Spliff an’ Kick an’ Ting


Name a famous soccer player who regularly used drugs when he played but was never drug tested.
 
Bob Marley.
 
The documentary “Marley” provides some first-hand accounts from those close to Marley as to the importance to him of the game. Bob Marley’s manager and former professional footballer, Allan “Skill” Cole, started a routine with Marley that involved running and soccer training every morning.
 
In the movie he tells us, “It became an integral part of our lifestyle.”
 
Marley would run on the beach, then up to the waterfall at Cane River Falls. There he would smoke a spliff, and get a back, shoulder, and neck massage from the waterfall. Then back to “the stadium” a 40-yard asphalt rectangle where he played five-a-side scrimmage soccer with breeze blocks for goalposts.
 
Neville Garrick, artistic director for the Wailers: “In everything that Bob does, very competitive. Everything he really gave it the hundred and ten percent.”
 
Allan “Skill” Cole: “He had a passion. Everything I did with a ball he would try to do. “
 
Close friend, Dessi Smith: “He just didn’t play for the fun of it. It was part of the process, y’know. Before he writes a song, burn a spliff. Then you go run so you can lively up yourself and then he’d get more inspired so the lyrics could come out.”
 
Bob Marley: “Tell you the truth, I play everywhere. Anywhere ‘tis possible, y’know.”
 
Many people are surprised to hear Bob Marley was a fanatical soccer player and fan. That might not fit their image of a legendary reggae star: the marihuana smoking, the lazy reggae beats, the dreadlock Rastafarian easy-going attitude, the political activism. But soccer is deeply rooted in the world.
 
Bob Marley: “Football is a whole skill to itself. A whole world. A whole universe to itself. Me love it because you have to be skillful to play it. Freedom. Football is freedom.”
 
Whether on tour, in the recording studio, or chilling with family and friends Marley loved kicking a ball every day.

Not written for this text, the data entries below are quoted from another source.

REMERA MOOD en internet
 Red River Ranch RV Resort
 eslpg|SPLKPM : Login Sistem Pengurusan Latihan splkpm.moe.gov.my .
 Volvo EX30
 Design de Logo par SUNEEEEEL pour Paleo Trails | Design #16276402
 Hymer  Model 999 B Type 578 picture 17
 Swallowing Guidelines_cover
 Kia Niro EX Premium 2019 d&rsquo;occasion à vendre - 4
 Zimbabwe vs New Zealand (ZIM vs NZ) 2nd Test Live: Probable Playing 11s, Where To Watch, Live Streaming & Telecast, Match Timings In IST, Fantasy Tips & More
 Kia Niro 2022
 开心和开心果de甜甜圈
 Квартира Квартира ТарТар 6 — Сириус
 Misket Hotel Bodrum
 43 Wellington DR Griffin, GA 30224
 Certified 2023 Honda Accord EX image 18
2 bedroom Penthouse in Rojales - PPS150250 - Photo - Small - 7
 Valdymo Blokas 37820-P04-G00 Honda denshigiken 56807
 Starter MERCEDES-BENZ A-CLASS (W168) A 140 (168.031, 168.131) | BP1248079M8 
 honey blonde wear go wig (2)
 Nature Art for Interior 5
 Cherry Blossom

He also loved watching soccer on TV. His favorite team was Santos Futebol Clube and his favorite player was Pele.
 
On a trip to Brazil , in Rio de Janeiro in 1970 he joined in a street soccer game. Along with fellow musicians, people from the record label Ariola, and Brazilian street kids there was also Paulo Cesar, member of the 1970 Brazilian World Cup team. In Brazil it seems everyone plays soccer with everyone else. The Brazilians gave him a number 10 Santos shirt (Pele’s number). While putting the shirt on Bob Marley smiled and declared that, just like Pele, he too could play in any position.
 
In 1977 the reggae superstar injured his foot while playing soccer with some friends. The wound seemed pretty extreme for a simple soccer injury, and when it got worse instead of healing, he decided to see a doctor. A melanoma was diagnosed and amputation of the toe was recommended.
 
But as a devout Rastafarian, Bob Marley believed that amputation was sinful. A Bible verse that Rastafarians hold very important, Leviticus 21:5, says: “They shall not make baldness upon their head … nor make any cuttings in the flesh.”
 
There is an additional tenet of Rastafarianism. The belief is essentially that death is not a certainty, and that truly holy people will gain immortality in their physical bodies. To even acknowledge that death is a possibility is to make certain that it will come soon.
 
By the late summer of 1980, the cancer had metastasized throughout his body, and while jogging through New York’s Central Park, Marley collapsed. His final performance was in September of 1980 in Pittsburgh, a performance that was recorded and released as Bob Marley and the Wailers Live Forever.
 
In 1981, while on his way back home to Jamaica his plane stopped over in Miami, where he died on May 11.
 
RIP – Bob Marley, Rasta reggae soccer star.
 
All quotes are from the documentary film “Marley”, and The Bible.